Für den gesamten deutschen Radsport kündigt sich nach Ullrichs Doping-Debakel eine neue Ära an. Dabei rücken Fahrer, die wie Klöden noch im alten System groß wurden, mit neuen Hoffnungsträgern wie Markus Fothen, Fabian Wegmann und Patrik Sinkewitz in den Vordergrund. Allerdings werden auch die neuen Protagonisten vom Generalverdacht der chemischen Manipulation belastet.
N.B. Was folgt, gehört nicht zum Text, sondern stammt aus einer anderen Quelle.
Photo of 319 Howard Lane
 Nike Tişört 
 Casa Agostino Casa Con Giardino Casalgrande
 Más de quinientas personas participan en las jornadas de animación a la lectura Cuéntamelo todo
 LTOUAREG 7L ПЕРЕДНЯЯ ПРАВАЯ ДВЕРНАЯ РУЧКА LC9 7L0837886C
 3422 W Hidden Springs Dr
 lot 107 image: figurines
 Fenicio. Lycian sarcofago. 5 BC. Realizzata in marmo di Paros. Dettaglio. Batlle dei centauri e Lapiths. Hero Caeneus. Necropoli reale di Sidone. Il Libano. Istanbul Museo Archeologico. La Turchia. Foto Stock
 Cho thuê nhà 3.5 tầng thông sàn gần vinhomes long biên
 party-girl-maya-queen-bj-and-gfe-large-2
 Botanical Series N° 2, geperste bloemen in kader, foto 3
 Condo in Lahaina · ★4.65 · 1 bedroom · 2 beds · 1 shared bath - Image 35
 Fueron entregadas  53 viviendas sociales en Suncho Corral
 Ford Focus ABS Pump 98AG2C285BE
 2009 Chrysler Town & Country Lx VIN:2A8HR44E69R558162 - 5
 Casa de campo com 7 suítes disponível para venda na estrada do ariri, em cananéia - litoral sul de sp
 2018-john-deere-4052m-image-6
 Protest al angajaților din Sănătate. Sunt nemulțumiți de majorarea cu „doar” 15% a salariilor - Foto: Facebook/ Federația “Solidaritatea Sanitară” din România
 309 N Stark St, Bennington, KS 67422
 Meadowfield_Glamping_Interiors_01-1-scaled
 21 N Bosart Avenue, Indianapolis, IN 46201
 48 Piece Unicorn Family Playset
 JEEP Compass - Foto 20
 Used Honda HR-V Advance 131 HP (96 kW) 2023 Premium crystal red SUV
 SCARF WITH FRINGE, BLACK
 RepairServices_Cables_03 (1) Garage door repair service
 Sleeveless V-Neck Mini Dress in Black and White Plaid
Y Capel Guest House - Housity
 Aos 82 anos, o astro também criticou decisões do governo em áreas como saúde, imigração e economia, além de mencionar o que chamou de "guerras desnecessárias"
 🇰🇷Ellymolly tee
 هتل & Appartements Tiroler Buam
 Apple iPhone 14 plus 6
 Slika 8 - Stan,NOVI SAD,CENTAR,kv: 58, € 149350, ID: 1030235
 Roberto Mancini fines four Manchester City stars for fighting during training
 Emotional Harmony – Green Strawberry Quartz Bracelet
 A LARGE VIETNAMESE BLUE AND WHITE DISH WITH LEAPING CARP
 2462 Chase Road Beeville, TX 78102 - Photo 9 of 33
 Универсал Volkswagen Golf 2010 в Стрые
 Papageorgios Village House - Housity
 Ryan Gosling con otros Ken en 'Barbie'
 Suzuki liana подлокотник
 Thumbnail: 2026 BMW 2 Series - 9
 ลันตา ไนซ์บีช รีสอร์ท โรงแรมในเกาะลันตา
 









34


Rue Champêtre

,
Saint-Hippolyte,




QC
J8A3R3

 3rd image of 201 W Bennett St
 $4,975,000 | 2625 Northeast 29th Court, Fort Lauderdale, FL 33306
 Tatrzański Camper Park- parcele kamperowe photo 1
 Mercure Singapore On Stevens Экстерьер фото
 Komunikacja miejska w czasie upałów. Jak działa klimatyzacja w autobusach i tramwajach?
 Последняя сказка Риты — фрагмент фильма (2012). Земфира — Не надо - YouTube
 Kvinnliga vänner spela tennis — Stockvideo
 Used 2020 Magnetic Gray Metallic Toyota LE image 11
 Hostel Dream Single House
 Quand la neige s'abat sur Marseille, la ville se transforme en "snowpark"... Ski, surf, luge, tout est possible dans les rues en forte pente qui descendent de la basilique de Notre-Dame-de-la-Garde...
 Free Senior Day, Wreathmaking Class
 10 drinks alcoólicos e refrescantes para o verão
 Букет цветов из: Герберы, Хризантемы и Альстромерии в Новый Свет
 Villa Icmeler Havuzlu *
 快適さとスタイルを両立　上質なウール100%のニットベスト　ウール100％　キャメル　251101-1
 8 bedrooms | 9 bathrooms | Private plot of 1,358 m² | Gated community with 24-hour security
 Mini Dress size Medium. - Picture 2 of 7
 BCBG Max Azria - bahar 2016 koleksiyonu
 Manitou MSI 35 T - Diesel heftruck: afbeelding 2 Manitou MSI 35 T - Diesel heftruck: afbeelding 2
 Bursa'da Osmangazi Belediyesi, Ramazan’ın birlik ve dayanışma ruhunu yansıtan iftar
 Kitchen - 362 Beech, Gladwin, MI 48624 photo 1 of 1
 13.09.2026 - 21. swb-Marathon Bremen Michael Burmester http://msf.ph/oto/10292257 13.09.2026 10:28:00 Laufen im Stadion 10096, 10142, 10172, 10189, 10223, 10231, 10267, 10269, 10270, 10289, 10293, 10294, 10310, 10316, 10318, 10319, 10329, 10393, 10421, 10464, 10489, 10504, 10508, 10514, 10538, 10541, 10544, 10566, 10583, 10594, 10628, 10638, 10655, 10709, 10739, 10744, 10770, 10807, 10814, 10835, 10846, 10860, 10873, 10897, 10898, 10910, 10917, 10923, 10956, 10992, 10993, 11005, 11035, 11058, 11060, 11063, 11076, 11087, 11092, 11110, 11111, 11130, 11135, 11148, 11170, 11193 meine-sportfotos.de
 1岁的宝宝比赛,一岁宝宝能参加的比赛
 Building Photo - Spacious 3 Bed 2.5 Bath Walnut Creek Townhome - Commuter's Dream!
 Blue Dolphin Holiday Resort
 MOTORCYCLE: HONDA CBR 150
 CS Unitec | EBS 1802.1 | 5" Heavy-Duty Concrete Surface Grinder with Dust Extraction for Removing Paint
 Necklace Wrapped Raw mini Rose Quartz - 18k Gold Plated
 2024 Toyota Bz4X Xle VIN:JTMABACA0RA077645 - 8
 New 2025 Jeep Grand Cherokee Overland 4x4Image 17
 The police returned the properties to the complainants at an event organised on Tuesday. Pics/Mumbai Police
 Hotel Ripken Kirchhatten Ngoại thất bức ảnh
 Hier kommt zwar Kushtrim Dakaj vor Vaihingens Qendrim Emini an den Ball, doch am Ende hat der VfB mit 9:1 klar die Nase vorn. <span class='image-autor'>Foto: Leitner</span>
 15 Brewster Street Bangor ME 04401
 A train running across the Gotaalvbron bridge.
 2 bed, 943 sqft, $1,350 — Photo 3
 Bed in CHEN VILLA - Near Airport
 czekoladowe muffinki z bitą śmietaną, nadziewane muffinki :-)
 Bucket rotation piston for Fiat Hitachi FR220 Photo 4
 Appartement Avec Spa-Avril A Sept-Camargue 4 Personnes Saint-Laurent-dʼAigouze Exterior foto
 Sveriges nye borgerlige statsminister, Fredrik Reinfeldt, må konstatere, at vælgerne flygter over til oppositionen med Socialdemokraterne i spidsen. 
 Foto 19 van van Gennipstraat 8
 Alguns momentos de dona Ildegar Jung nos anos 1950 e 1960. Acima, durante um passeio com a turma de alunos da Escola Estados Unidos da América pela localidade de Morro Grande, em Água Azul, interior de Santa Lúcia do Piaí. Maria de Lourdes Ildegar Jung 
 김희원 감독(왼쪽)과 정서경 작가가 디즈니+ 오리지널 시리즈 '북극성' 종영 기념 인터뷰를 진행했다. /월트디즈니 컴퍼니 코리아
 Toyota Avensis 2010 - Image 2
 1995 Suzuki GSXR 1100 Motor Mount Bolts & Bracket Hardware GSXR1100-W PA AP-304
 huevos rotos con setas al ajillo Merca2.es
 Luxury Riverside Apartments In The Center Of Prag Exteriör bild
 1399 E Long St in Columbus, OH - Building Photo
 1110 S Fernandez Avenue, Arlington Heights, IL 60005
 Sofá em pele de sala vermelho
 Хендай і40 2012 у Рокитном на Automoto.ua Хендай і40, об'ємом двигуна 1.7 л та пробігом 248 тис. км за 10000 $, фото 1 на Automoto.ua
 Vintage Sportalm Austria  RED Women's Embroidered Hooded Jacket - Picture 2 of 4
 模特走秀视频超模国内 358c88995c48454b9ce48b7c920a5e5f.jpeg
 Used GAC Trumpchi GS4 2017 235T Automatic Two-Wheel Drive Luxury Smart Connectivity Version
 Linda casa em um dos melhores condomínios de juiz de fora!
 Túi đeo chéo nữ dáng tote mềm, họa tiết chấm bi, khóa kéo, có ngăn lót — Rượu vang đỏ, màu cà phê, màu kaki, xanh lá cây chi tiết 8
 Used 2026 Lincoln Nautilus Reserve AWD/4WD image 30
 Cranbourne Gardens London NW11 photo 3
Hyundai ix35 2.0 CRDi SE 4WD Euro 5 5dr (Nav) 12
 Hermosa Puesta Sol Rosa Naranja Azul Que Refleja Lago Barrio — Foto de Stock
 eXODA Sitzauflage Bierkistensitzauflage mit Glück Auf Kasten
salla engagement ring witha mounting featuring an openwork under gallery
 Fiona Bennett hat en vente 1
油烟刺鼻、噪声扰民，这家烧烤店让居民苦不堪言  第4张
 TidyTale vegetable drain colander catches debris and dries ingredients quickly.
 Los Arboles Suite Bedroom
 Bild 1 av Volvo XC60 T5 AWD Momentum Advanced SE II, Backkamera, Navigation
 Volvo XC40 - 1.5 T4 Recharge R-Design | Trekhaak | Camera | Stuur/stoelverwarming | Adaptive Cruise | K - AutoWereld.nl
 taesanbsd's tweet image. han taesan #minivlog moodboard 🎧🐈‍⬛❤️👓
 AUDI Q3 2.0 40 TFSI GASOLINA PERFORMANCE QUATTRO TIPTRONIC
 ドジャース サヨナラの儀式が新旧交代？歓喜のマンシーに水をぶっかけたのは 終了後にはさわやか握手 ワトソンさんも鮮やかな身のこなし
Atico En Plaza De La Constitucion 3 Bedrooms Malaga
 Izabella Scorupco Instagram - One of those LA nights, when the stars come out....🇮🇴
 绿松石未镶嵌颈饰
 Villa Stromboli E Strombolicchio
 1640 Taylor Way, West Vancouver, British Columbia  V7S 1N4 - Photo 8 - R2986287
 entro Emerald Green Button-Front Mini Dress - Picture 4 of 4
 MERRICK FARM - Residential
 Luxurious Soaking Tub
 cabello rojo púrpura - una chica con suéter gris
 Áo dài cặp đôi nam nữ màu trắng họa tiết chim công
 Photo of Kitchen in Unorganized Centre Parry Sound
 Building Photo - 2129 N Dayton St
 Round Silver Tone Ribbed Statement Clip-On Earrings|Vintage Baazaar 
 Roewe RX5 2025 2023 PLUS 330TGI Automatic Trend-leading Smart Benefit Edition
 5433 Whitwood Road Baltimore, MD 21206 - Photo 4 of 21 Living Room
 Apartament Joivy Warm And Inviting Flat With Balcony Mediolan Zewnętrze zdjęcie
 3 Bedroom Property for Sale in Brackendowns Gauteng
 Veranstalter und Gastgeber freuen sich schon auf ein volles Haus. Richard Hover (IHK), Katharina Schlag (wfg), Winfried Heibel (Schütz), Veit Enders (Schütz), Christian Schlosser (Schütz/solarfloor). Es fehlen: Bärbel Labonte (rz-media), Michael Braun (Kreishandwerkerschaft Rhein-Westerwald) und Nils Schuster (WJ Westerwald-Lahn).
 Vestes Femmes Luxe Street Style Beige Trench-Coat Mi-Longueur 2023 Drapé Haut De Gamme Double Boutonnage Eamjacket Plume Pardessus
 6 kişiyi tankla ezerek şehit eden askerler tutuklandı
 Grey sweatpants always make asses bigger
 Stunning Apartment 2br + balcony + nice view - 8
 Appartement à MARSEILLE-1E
Alle Fahrer stehen noch mit einem Bein in der alten Rad-Welt, dessen Abgründe mit dem Skandal um das spanische Dopingkartell sichtbar wurden. Ob Sinkewitz, der sich vom umstrittenen italienischen Mediziner Michelle Ferrari die Trainingspläne erstellen lässt, oder Aufsteiger Linus Gerdemann mit seinen Verbindungen zum Ullrich-Betreuer Luigi Cecchini - in der regelmäßig von Affären heimgesuchten Branche reichen vermutlich harmlose Kontakte, um ganze Karrieren in einem schrägen Licht erscheinen zu lassen.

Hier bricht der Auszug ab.